Letztes Update am Di, 24.09.2019 15:42

APA / Tiroler Tageszeitung Onlineausgabe


48-Jähriger starb bei Frontalcrash in Kärnten



Ein 48-jähriger Kärntner ist Dienstagfrüh bei einem Frontalzusammenstoß auf der Friesacher Straße (B317) im Bezirk St. Veit an der Glan ums Leben gekommen. Laut Polizei war der Autolenker aus vorerst unbekannter Ursache auf die Gegenfahrbahn geraten und gegen einen Lkw geprallt. Am Dienstag war ein Ausbau der vierspurigen Straße, die keine Mitteltrennung hat, erneut Thema.

Der Unfall hatte sich gegen 7.30 Uhr auf regennasser Straße in der Gemeinde Kappel am Krappfeld ereignet. Der 48-Jährige starb noch an der Unfallstelle. Der Lkw-Lenker, ein 44-jähriger Bulgare, erlitt einen schweren Schock, blieb aber ansonsten unverletzt. Er wurde ins Klinikum Klagenfurt eingeliefert. Die B317 war für die Zeit der Erhebungen und Aufräumarbeiten - der Pkw wurde völlig zerstört, der Lkw schwer beschädigt - für den gesamten Verkehr gesperrt, eine örtliche Umleitung wurde eingerichtet.

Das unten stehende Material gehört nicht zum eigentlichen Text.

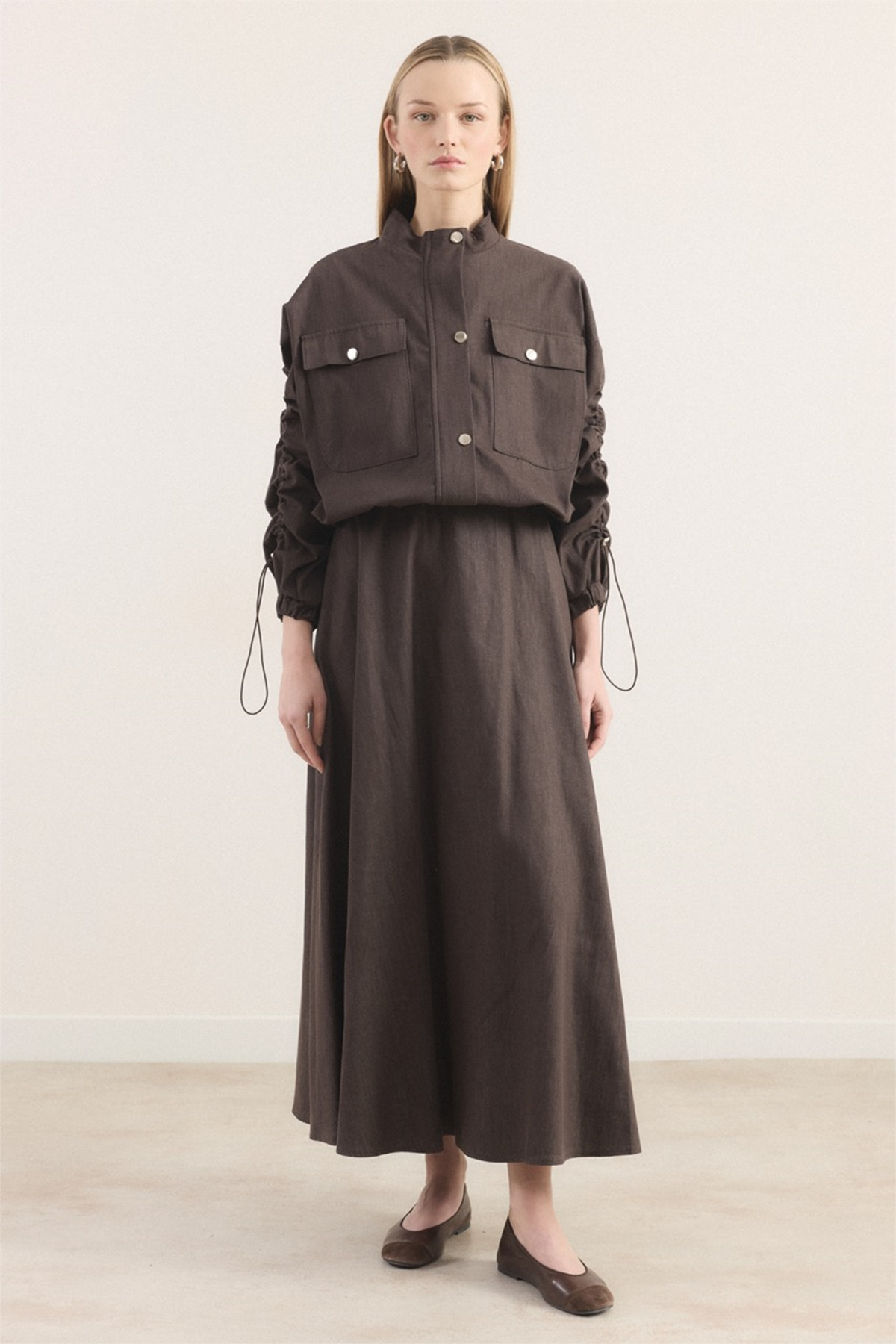 Megy Çift Cep Kapak Kol Tünelli Takım - Kahve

Nur wenige Kilometer entfernt hatte sich Anfang August ein schwerer Frontalzusammenstoß auf der B317 ereignet, bei dem vier Personen ums Leben gekommen waren. Die fast durchgehend vierspurige Straße, welche die Klagenfurter Schnellstraße (S37) mit der Murtal Schnellstraße (S36) verbindet, hat keine Mitteltrennung, immer wieder kam es in der Vergangenheit zu schweren Frontalzusammenstößen. Seit Jahren laufen die Diskussionen um einen Ausbau der Straße.

Am Dienstag kündigte der zuständige Landesrat, Martin Gruber (ÖVP), Verhandlungen über einen Sicherheitsausbau der gesamten Straße zwischen Klagenfurt und der Kärntner Landesgrenze im Norden an. Mitte Oktober soll es dazu Gespräche mit der Asfinag geben. Das Gesamtprojekt würde „mindestens 220 Millionen Euro“ kosten, was Kärnten nicht allein stemmen könne. Als Übergangslösung, beziehungsweise im Fall einer Ablehnung der Pläne durch die Asfinag, schweben Gruber andere Maßnahmen vor. Eine davon wäre die Aufgabe einer Fahrspur zugunsten einer Betonleitwand - damit wäre die Fahrbahn abwechselnd ein- und zweispurig. Eine andere Variante wäre eine Stahlleitwand in der Mitte wie bei Autobahnbaustellen: Das würde ein Überholverbot für Lkw und eine Geschwindigkeitsbegrenzung von 80 oder überhaupt 60 km/h bedeuten.